Additional Export Terms and Conditions
Unless otherwise agreed to in writing by United Aluminum Corporation, 100 United Drive, North Haven, Connecticut 06473 (“United”) and Customer, the following are the terms and conditions of the sale:
1. TERMS AND RETENTION OF TITLE
Irrevocable Letter of Credit Net At Sight unless otherwise agreed. To the extent permitted by law United retains a security interest in the aluminum coil to be sold by United to Customer (hereinafter “goods”) until the purchase price is paid. All orders will be shipped EXW North Haven, Connecticut, U.S.A.. Customer acknowledges and agrees that United shall transfer only such title or rights in respect of the goods as United has and if the Aluminum Coil is purchased from a third party shall transfer only such title or rights as that party has and has transferred to United. (For goods shipped to the United Kingdom such notice regarding passage of title shall meet the requirements purpose of Section 12 of the Sales of Goods Act of 1979.) Notwithstanding the earlier passing of risk title in the goods shall remain with United and shall not pass to the Customer until the amount due under the applicable invoice(s) for them (including interest and costs) has been paid in full. Until title passes the Customer shall hold the goods as bailee for United and shall store or mark them so that they can at all times be identified as the property of United. United may at any time before title passes and without any liability to the Customer repossess and dismantle and use or sell all or any of the goods and by doing so terminate the Customer’s rights to use, sell or otherwise deal in them and for the purposes of determining what if any goods are held by the Customer and inspecting them enter any premises of or occupied by the Customer. Until title passes the entire proceeds of sale of the goods shall be held in trust for United and shall be held in a separate designated account and not mingled with other moneys or paid into any overdrawn bank account and shall be at all times identifiable as the money of United. United may maintain an action for the price of any goods notwithstanding that title in the goods has not passed to the Customer.
Customer shall pay all sales, excise, tariff, VAT and related taxes (except United’s income taxes) with respect to this transaction.
The goods shall conform to the description in these Export Standard Terms and Conditions, United’s sales order acknowledgement and United’s invoice.

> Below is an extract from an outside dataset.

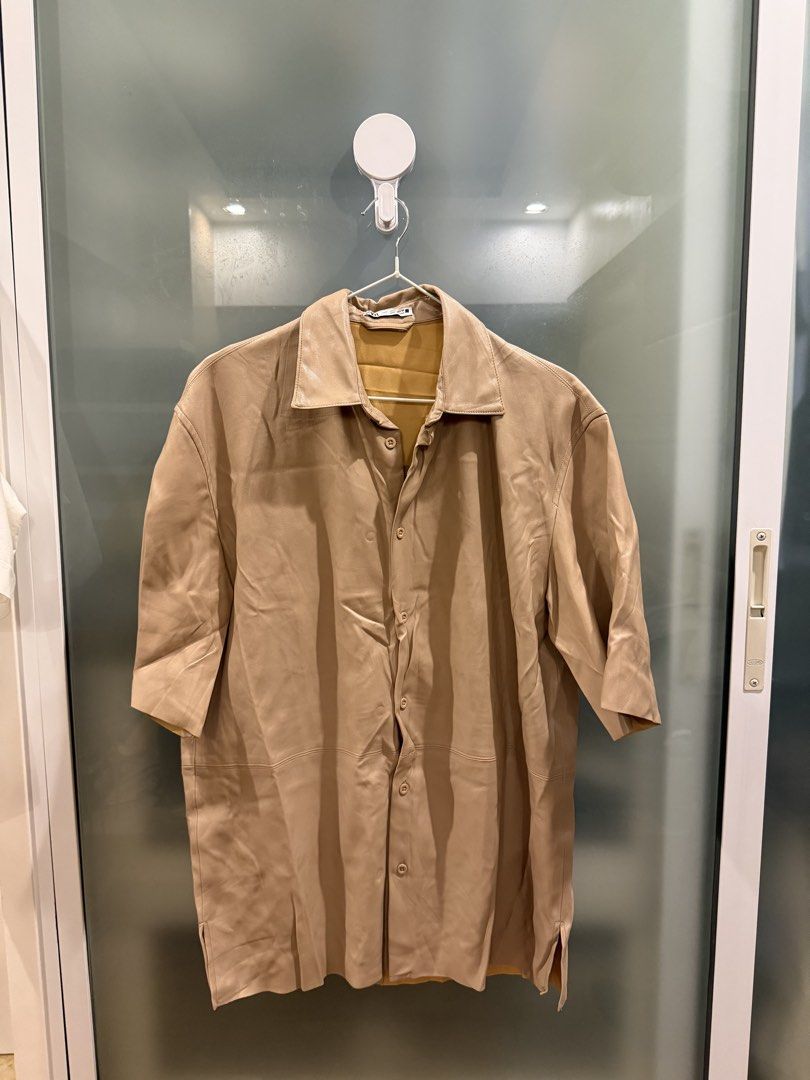 ZARA Tan Leather Button Down (Category: Blouses) located in Pasig City. Submitted by maraaaaaa (Listing ID 1460669523, Image 1). Description: From the Men’s Section.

The goods shall be within the limits and subject to the tolerances for variations stated in the most recent edition of the Aluminum Standards and Data Handbook published by the Aluminum Association, Washington, D.C. Occasionally, Customer’s request for expedited shipment may preclude the completion of all final testing of the goods before shipment.
4. LIMITATION OF WARRANTIES
EXCEPT FOR THE WARRANTIES CONTAINED IN THESE EXPORT STANDARD TERMS AND CONDITIONS, UNITED MAKES NO WARRANTY, EXPRESS OR IMPLIED, AND ALL IMPLIED WARRANTIES OF MERCHANTABILITY AND FITNESS FOR A PARTICULAR PURPOSE ARE DISCLAIMED.
Customer assumes all responsibility and liability in accordance with all local, state and federal laws, rules and regulations for providing proper instruction, warnings, safeguards, safety devices, equipment, accessories and protection for the operator and user of the goods, which goods include, but are not limited to, material, products, packaging, banding, containers and their loading or shipment.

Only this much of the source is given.